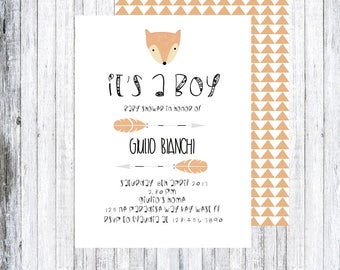 FOX BABY SHOWER invitations, invitations, invitation-printable, printable.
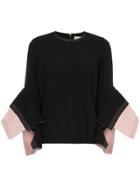 Roksanda Rana Trumpet Cuff Contrasting Stitch Blouse - Black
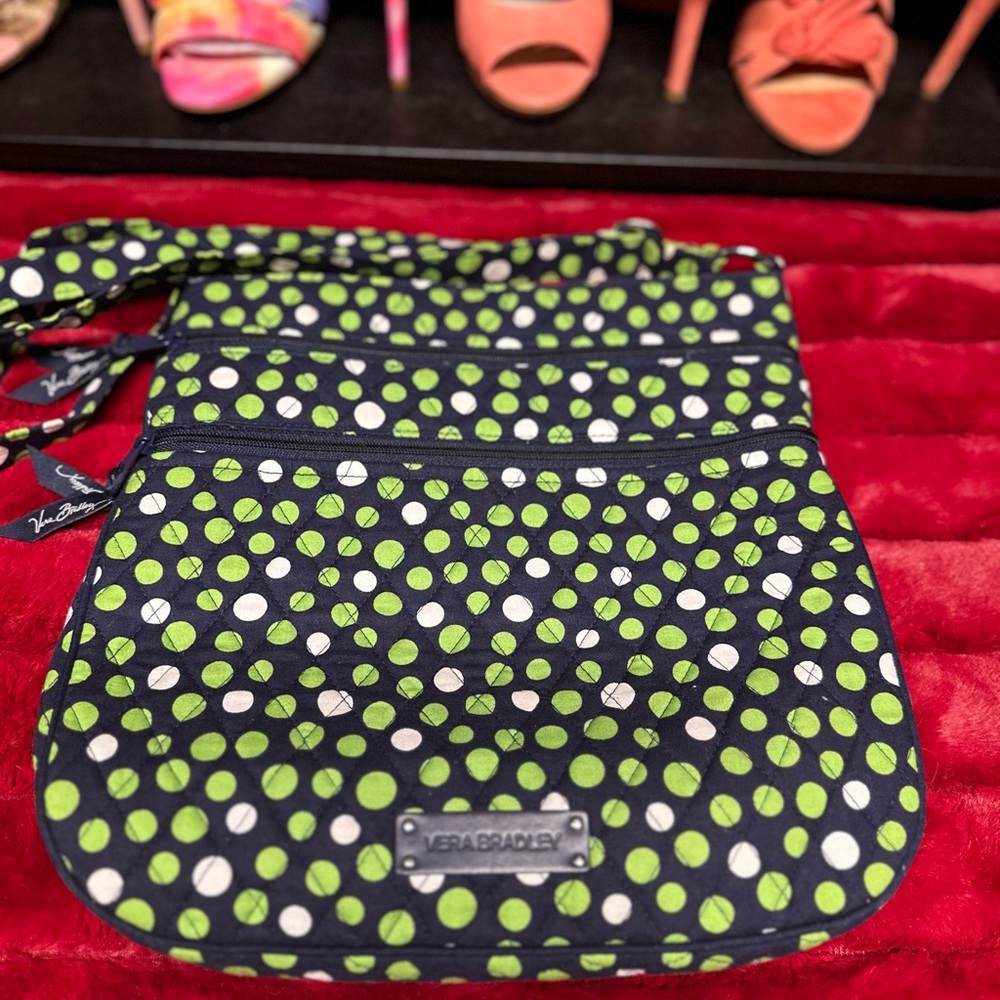 Vera Bradley Hipster Crossbody - Lucky You (Navy & Green Polka Dots)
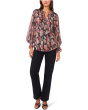 V-Neck Balloon Sleeve Blouse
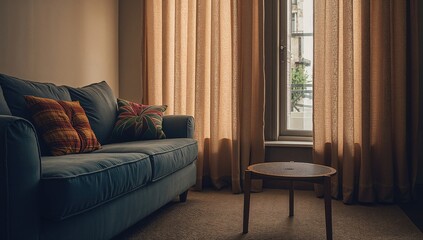 Sofa, table, and curtains in living area, enhancing relaxation and comfort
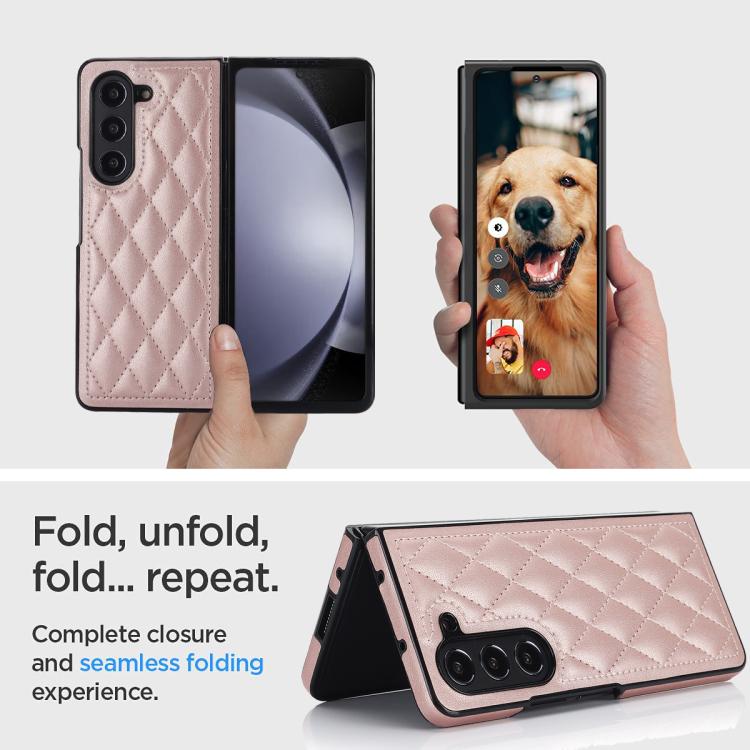 For Samsung Galaxy Z Fold7 5G Rhombic Fold Leather Phone Case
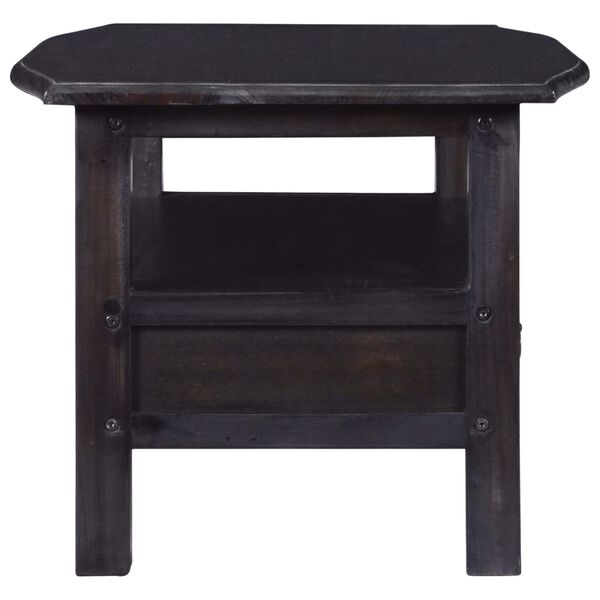vidaXL Tavolino Salotto Nero 90x50x40 cm in Legno Massello di Mogano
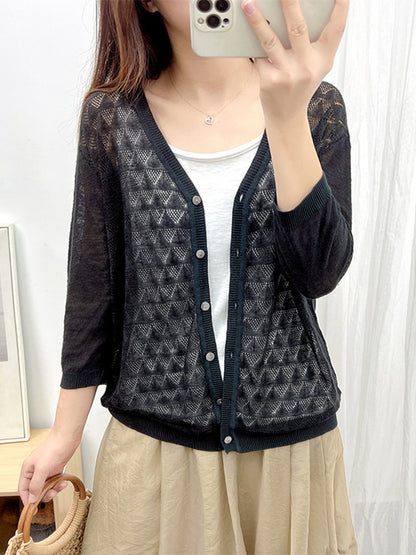 Loose Solid Color Linen Hollow Knitting Cardigan Top
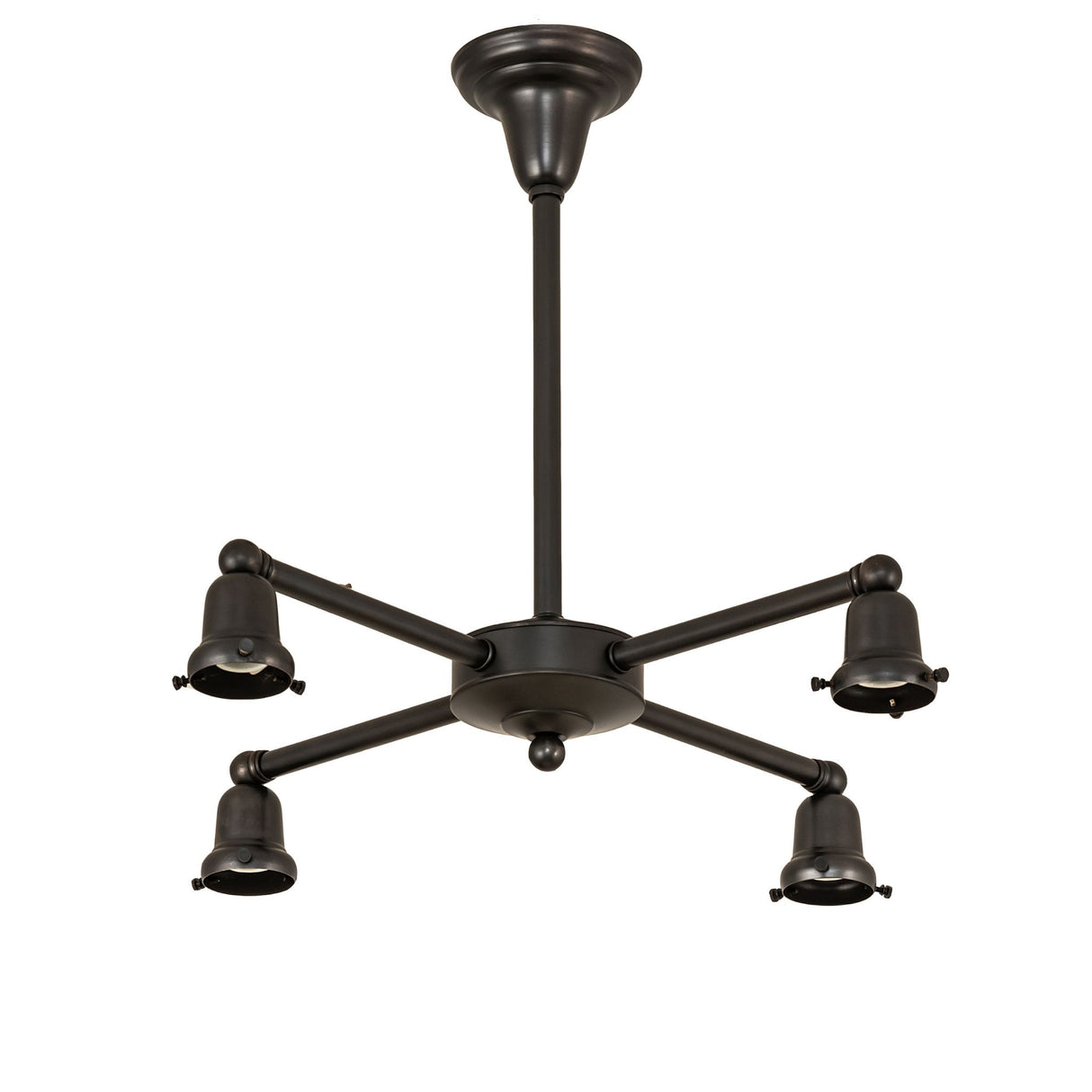 Revival Oyster Bay Favrile 4-Light chandelier hardware in Craftsman Brown.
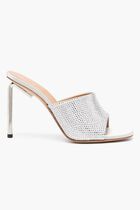 SHINY HIGH ALLEN SATIN MULE GREY SILVER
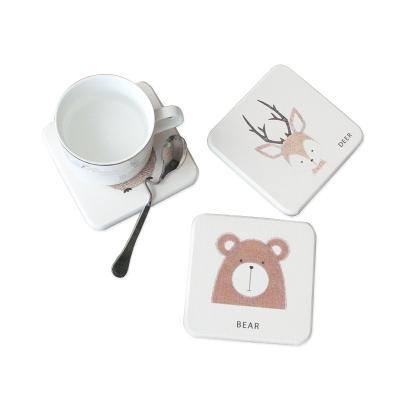 China Sustainable Water Absorbent Quick Drying Diatomaceous Earth Coasters For Drinks Print for sale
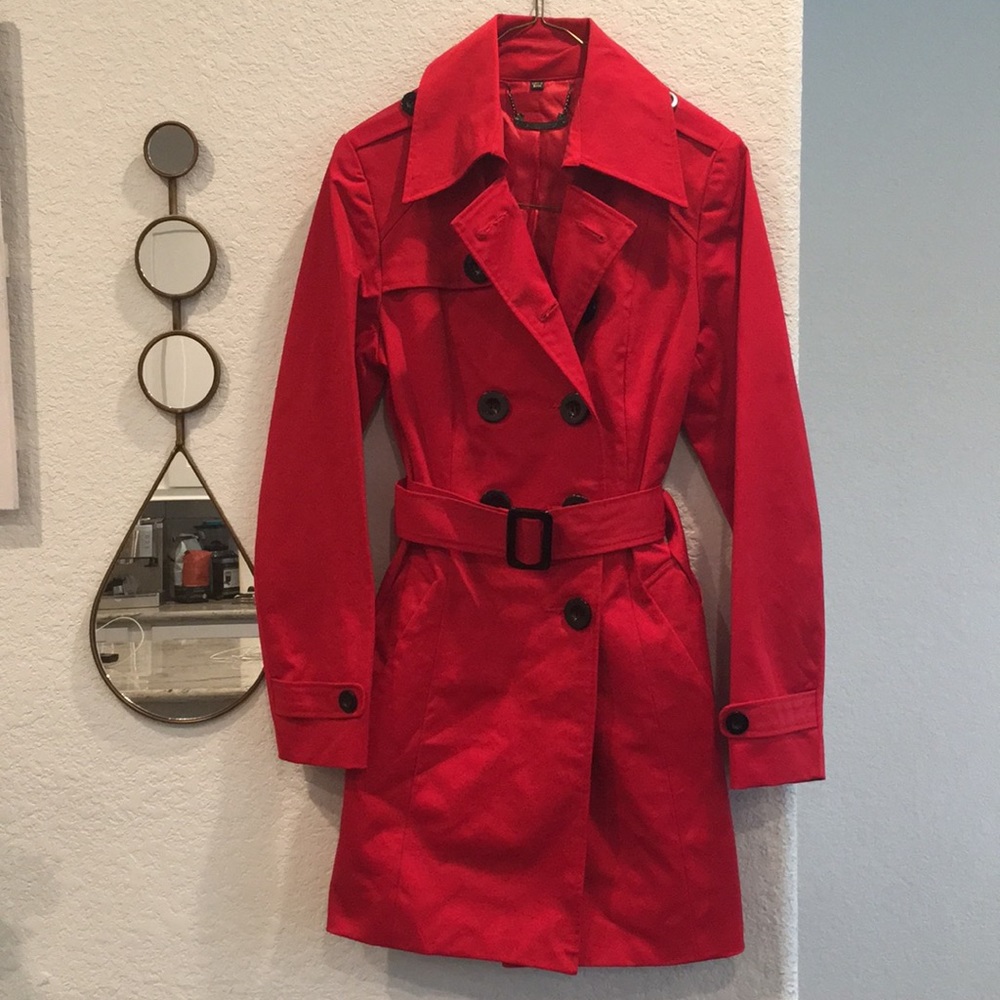 Forever 21 Red Trench Coat Size Small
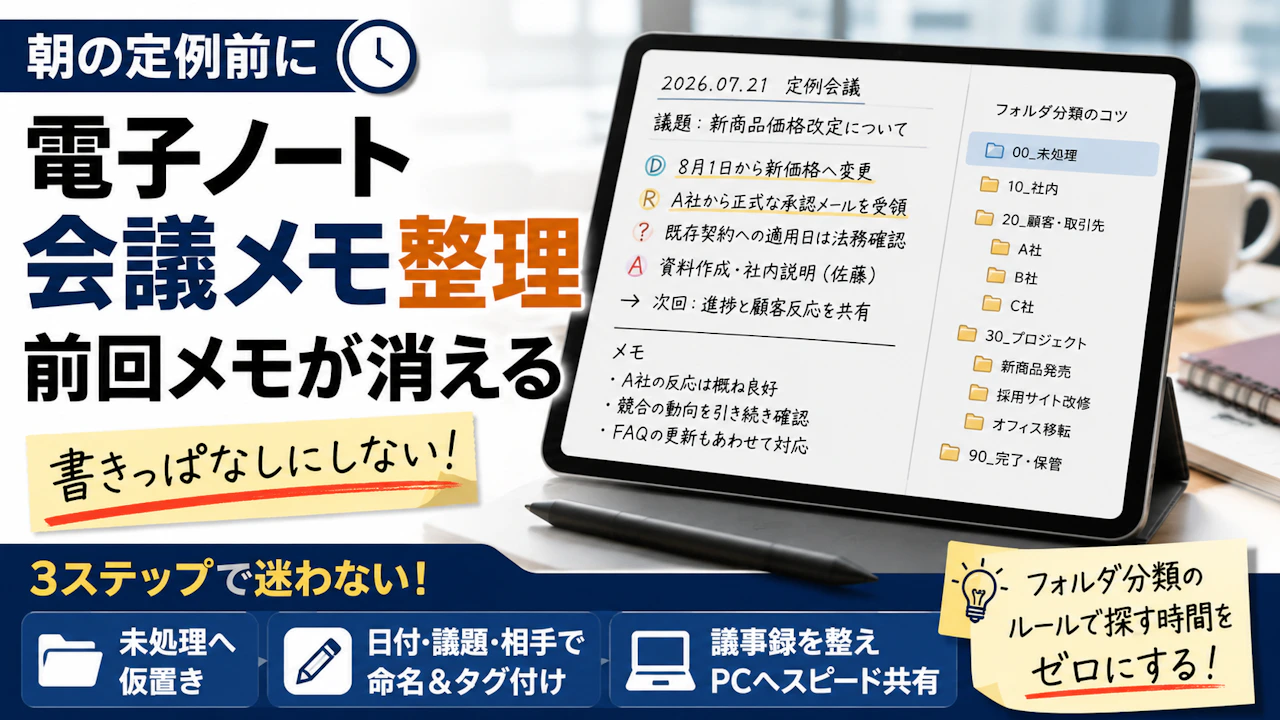 電子ノート 会議メモ 整理朝の定例前に前回メモが消える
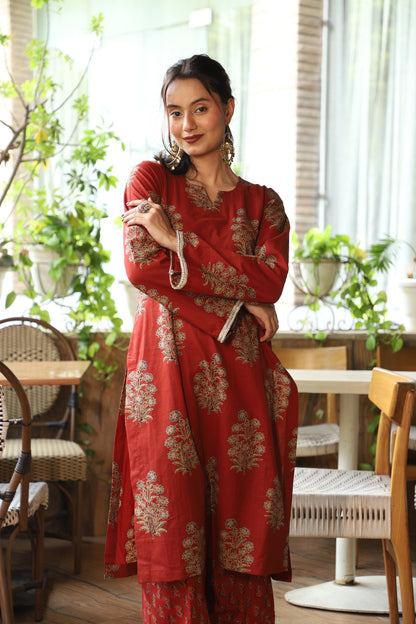 Aarna Maroon Handblock Kurta Co-ord Set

+---+

▶ _WORK TO BE COMPLETED_
Emit the lines of the material exactly, from its first line to the line containing "SHINY HIGH ALLEN SATIN MULE GREY SILVER", inclusive; leave every picture out.

▶ _WRITTEN RESPONSE_
 FOX BABY SHOWER invitations, invitations, invitation-printable, printable.
 Roksanda Rana Trumpet Cuff Contrasting Stitch Blouse - Black
 Vera Bradley Hipster Crossbody - Lucky You (Navy & Green Polka Dots)
 V-Neck Balloon Sleeve Blouse
 Sofa, table, and curtains in living area, enhancing relaxation and comfort
 For Samsung Galaxy Z Fold7 5G Rhombic Fold Leather Phone Case
vidaXL Tavolino Salotto Nero 90x50x40 cm in Legno Massello di Mogano
 Loose Solid Color Linen Hollow Knitting Cardigan Top
 Revival Oyster Bay Favrile 4-Light chandelier hardware in Craftsman Brown.
 SHINY HIGH ALLEN SATIN MULE GREY SILVER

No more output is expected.